The first route use a special version of the html function, it's only a slight improvement but I really like that way of doing things. There's plenty of other possible use cases though, but that should be enough for this post.

P.S.: I know the title isn't correct, but it sounds way better than A Recursive Walk on Strings Contained in Arbitrary Nested Data Structures.

2010-01-12

Documenting Clojure Code

Clojure is a truly amazing language and still a very young one. There is already a substantial quantity of documentation available for Clojure and some of its libraries. Yet, when talking about documentation, some is not enough. Sure, there's the REPL with all its bells and whistles, but sometimes I prefer to navigate through a well formatted API document using a browser. There's already some solutions for this, one on which I worked for the defunct Compojure website (which was based on similar code for Clojure) and another more serious attempt in clojure-contrib, gen-html-docs by Craig Andera. This library only output HTML and there arise a small (but annoying) problem: not all projects have their documentation formatted in HTML. For example, the new Compojure website runs on DokuWiki which have its own syntax and Gitorious integrated Wiki, used for ClojureQL, is using Markdown. If only every Wiki engine would understand Creole!

clj-doc

To be able to solve the above problem, I decided to start a new project called clj-doc. For now it's pretty much just a weekend coding session, but I'll continue to work on it so that one day it will be the best tool available to generate documentation for Clojure code. The basic usage is done through the gen-doc macro.

user> (use 'clj-doc)
nil
user> (gen-doc clj-doc.utils)
("<!DOCTYPE html ...Documentation for clj-doc.utils...")

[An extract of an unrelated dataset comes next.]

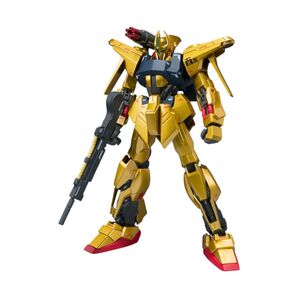 METAL ROBOT魂 (Ka signature) 量産型百式改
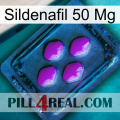 Sildenafil 50 Mg 04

This gives us a sequence of strings being the rendered output of each namespaces given using the default markup language. Namespaces could also be grouped using nested sequences, for now clj-doc support only one level of nesting. Another notable feature is that namespace groups can be specified using regular expressions. Here's an example demonstrating all these methods at once.

user> (use 'clojure.contrib.pprint)
nil
user> (pprint (gen-doc clj-doc
                       (clj-doc.markups clj-doc.generator clj-doc.utils)
                       #"clj-doc\.markups\."))
("<!DOCTYPE html ...Documentation for clj-doc..."
 "<!DOCTYPE html ...Documentation for clj-doc.markups, clj-doc.generator, clj-doc.utils..."
 "<!DOCTYPE html ...Documentation for clj-doc.markups.creole, clj-doc.markups.dokuwiki, ...")

Writing to Files

Usually you would want to write the documentation for your library to a file. I've added basic support for this with the gen-doc-to-file macro. It behaves exactly as gen-doc but writes each of the resulting documentation strings to a file.

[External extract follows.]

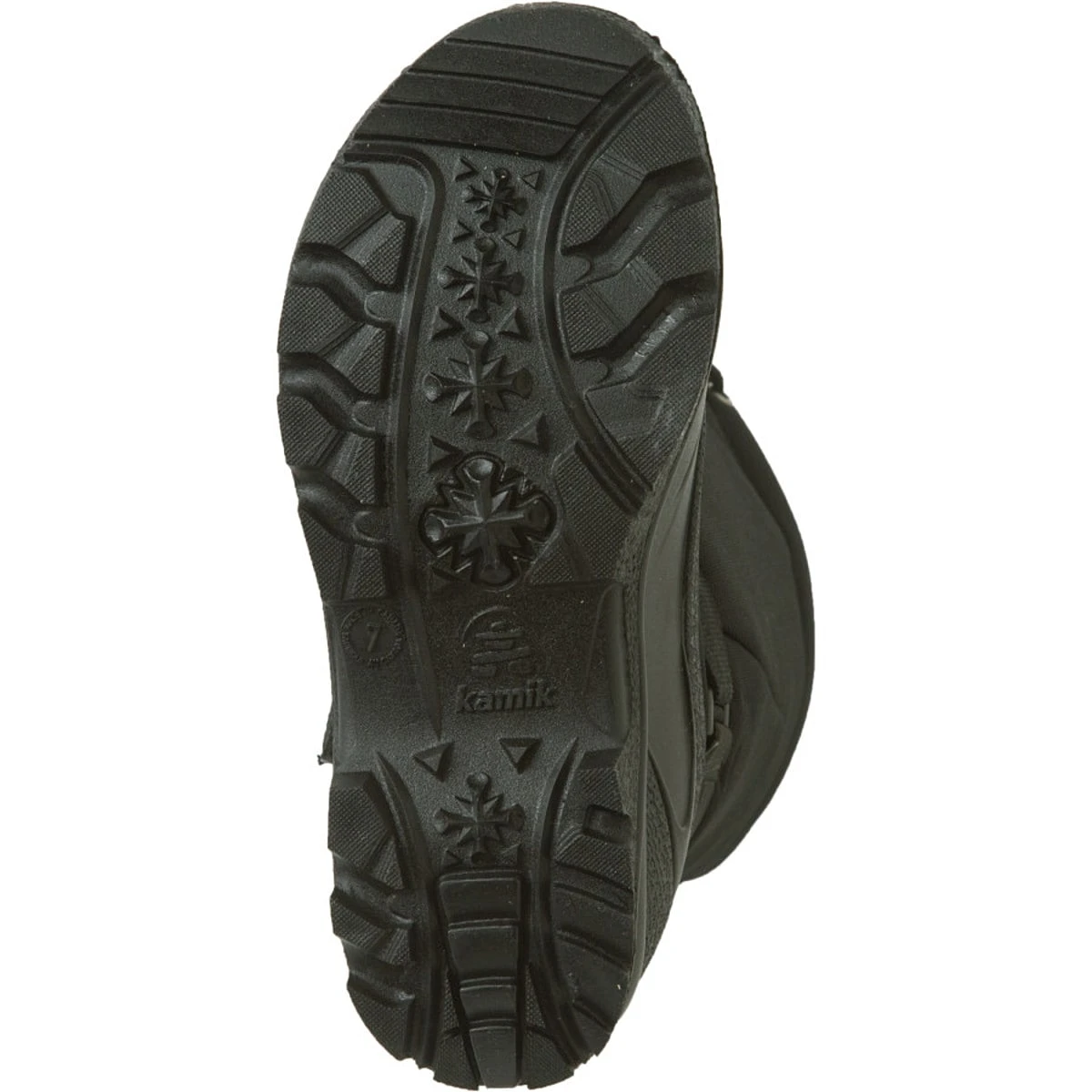 Kamik Greenbay 4 Boot - Women's 5 Kamik Greenbay 4 Boot - Women's - Image 3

user> (gen-doc-to-file "~/test.html" clj-doc)
nil

If you use more than one group of namespaces, this macro will write them into multiple files that will be numbered starting with zero by appending a number before the last dot if there's one, at the end otherwise. I intend to make this argument a format string where you can specify more complex filenames in a next version. So, if you got any ideas about how to design or implement such feature, I encourage you to add a comment to this post.

Supported Markups

Up until now, we've only been using the default output markup. The main point of this library being generating something else than HTML, we better have a way to use another markup language. Before talking about how to do that, lets look under the hood.

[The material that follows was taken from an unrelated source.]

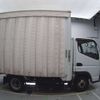 mitsubishi-fuso canter 2013 -MITSUBISHI--Canter FBA00-520493---MITSUBISHI--Canter FBA00-520493- image 4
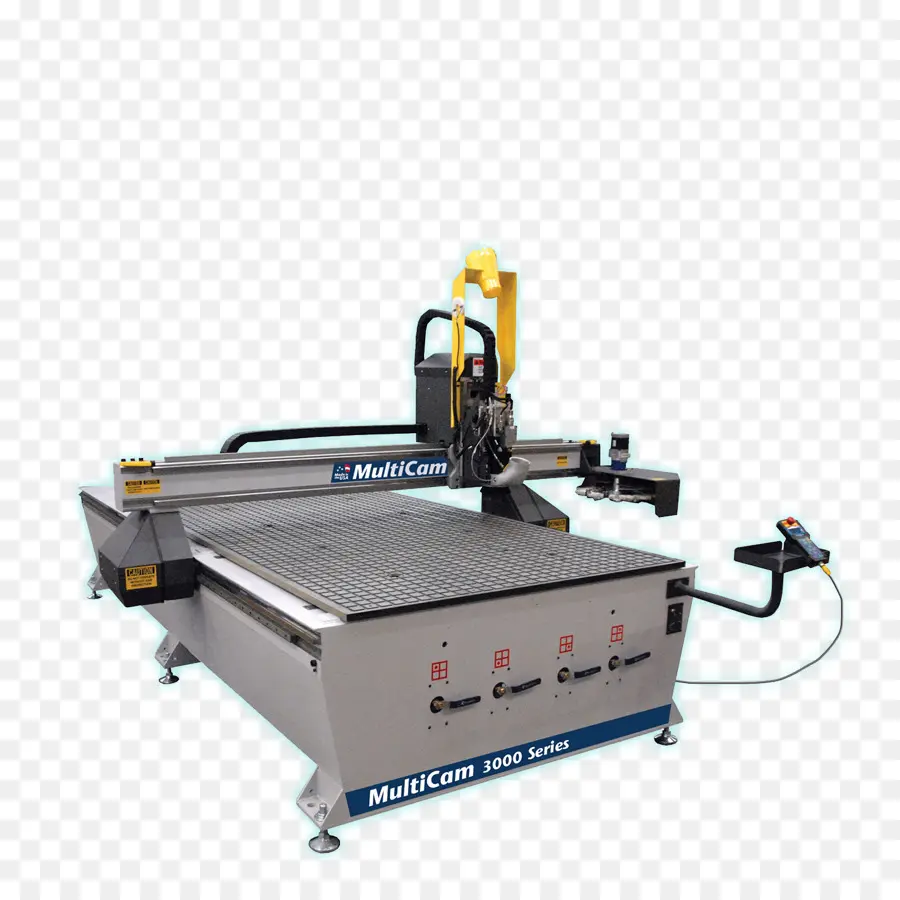 Machine Cnc，Fabrication PNG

(ns clj-doc.markups.creole
  "Creole markup."
  (use clj-doc.markups))

(defmarkup
  #^{:doc "Creole markup."}
  creole
  :title        #(str "\n= "     %     " =")
  :namespace    #(str "\n== "    %    " ==")
  :section      #(str "\n=== "   %1  " ===\n" %2)
  :var-name     #(str "\n==== "  %  " ====")
  :var-arglist  #(str "\n**" % "**\\\\")
  :var-doc      #(str "\n\n" %))

This is the current implementation for the Creole Wiki markup generator. All markups are defined in the same way, they're basically only struct maps, for more details see the clj-doc.markups namespace. The library currently provides four output methods. We've already seen two of them, here's the complete list:

  • creole
  • dokuwiki
  • html-simple
  • markdown

To define your own markups, you can take one of the implementations, modify it and see how it work out, the keywords should be explicit enough. The library only look for markups into namespaces starting with "clj-doc.markups." though, but that's just a temporary limitation, eventually you'll be able to pass a markup struct map as an option.

The Option Map

The option map is an optional argument that must be specified before any namespaces. It presently only support two keywords, :markup and :separated-by. The first letting you choose the output method and the second used to change the default page separation behavior.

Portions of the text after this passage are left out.